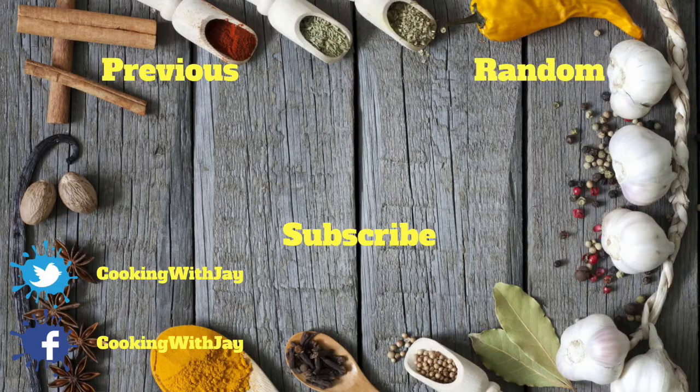Comment below if there's something you want me to create — I will do it. Remember, you guys are awesome, you're amazing, you're one of a kind, you're beautiful. Thank you so much for being part of Cooking with Jay and the J Squad. Remember, the most important thing is: be happy.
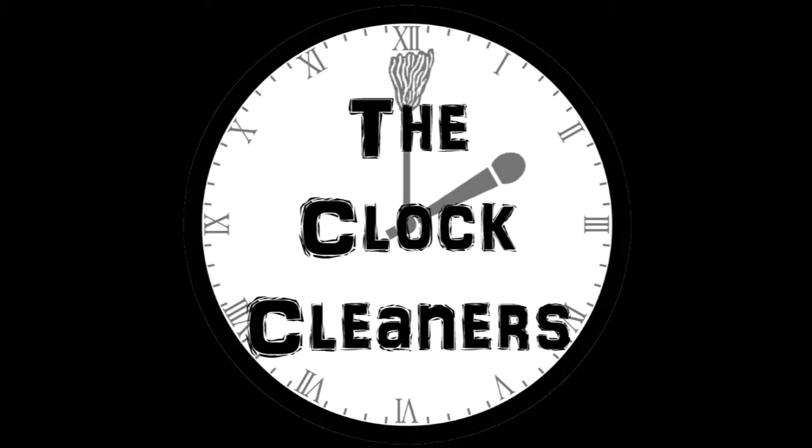You can also listen to us on SoundCloud at soundcloud.com/theclockcleaners. Hey guys, Keith here. Today we're going to be doing a WrestleCrate unboxing. You can get these at WrestleCrate.com.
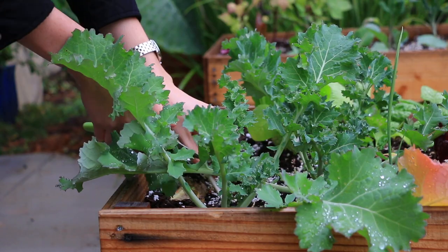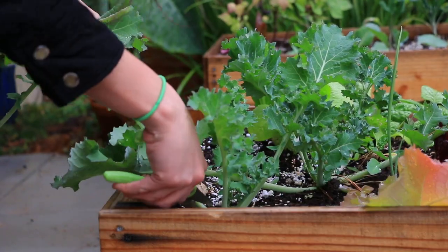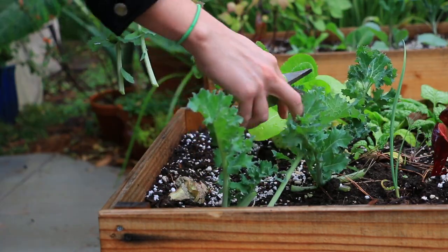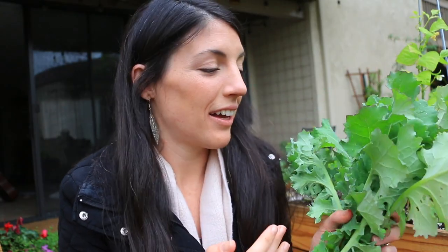It finally stopped raining just enough to get out here and harvest some kale. I'm taking a moment to relish in this first harvest because I didn't know if my kale was going to make it. I didn't know if any of these crops were going to make it in light of the soil issues I was having earlier this season, but like so many things in life, you just got to do it, see what happens, give it your best effort — and I'm so glad I did because, you guys, we have kale.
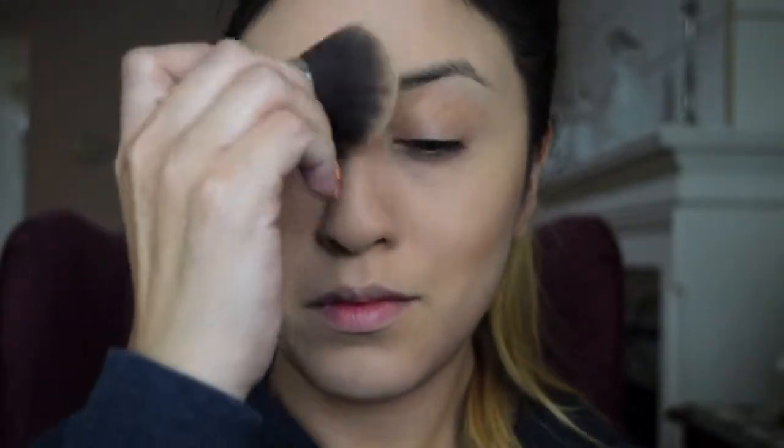To set the rest of my face, I will be using the L'Oreal Infallible Pro Matte Foundation Powder in the shade 300. You can also use any kabuki style powder brush for this step.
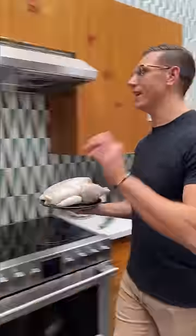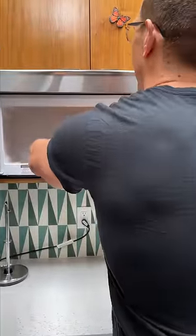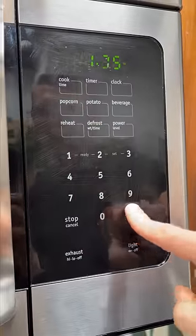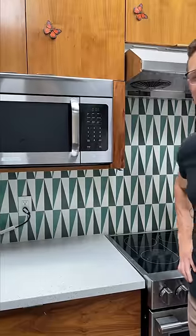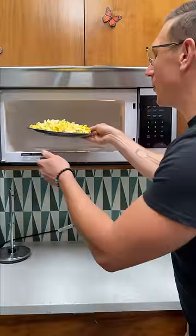I'm going to show you all my easiest popcorn chicken hack. It's so simple. You're going to start with a whole chicken, pop it in the microwave, there you go, and press go. Can't wait. All right, there you have it.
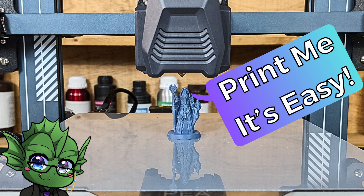Hello everyone and welcome to Slice Print Roleplay. In this video I'm going to teach you everything you need to know to get started with your FDM 3D printer. Alright, let's get to it.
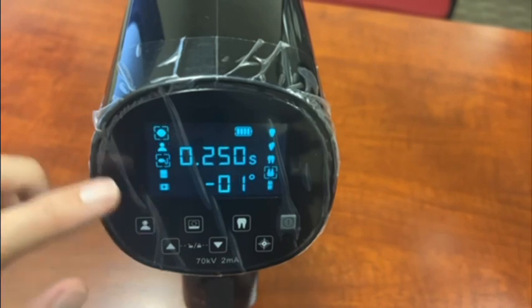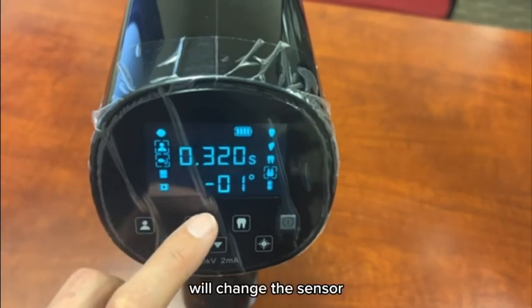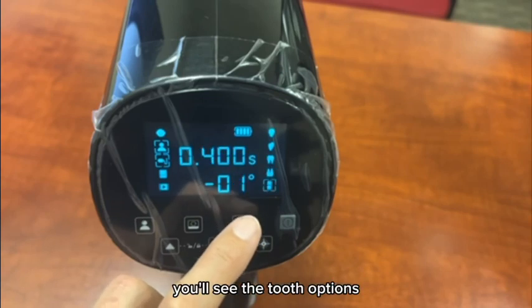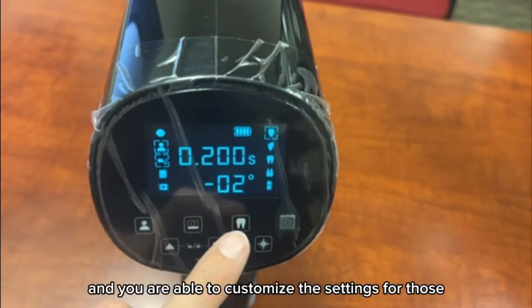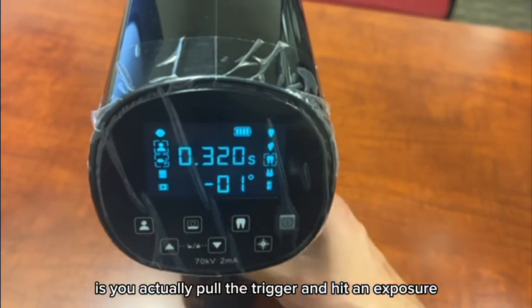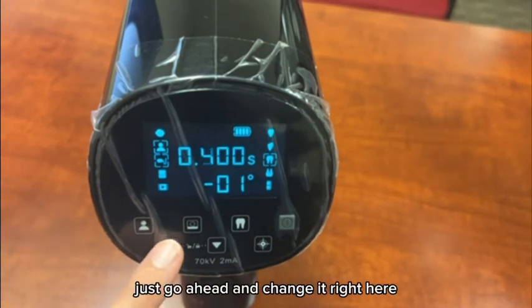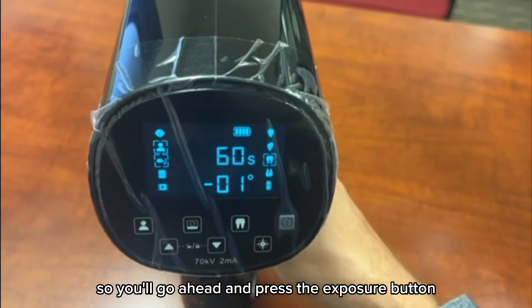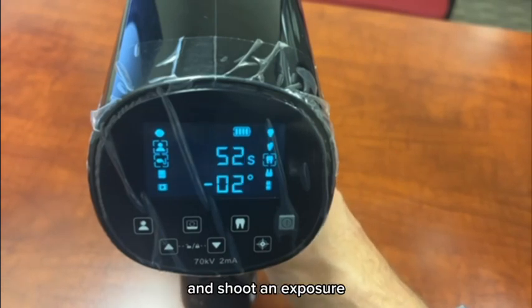When you choose this, you can see how it changes — you have your child and then your adult. This one right here will change between sensor, phosphorus plates, and film. Right here you'll see the tooth options, and as you change these tooth options you can notice that the exposure rate does change. You are able to customize the settings for each section once you figure out what settings you want — you pull the trigger, take an exposure, and it will remember that for next time. To raise or lower the exposure, just change it here up and down.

- [DIRECTIONS FOR THIS TASK]:
Print from the line containing "It finally stopped" through the line containing "To set the rest" in the data above, exactly as the lines stand, and omit every picture.

- [THE ANSWER]:
It finally stopped raining just enough to get out here and harvest some kale. I'm taking a moment to relish in this first harvest because I didn't know if my kale was going to make it. I didn't know if any of these crops were going to make it in light of the soil issues I was having earlier this season, but like so many things in life, you just got to do it, see what happens, give it your best effort — and I'm so glad I did because, you guys, we have kale.
To set the rest of my face, I will be using the L'Oreal Infallible Pro Matte Foundation Powder in the shade 300. You can also use any kabuki style powder brush for this step.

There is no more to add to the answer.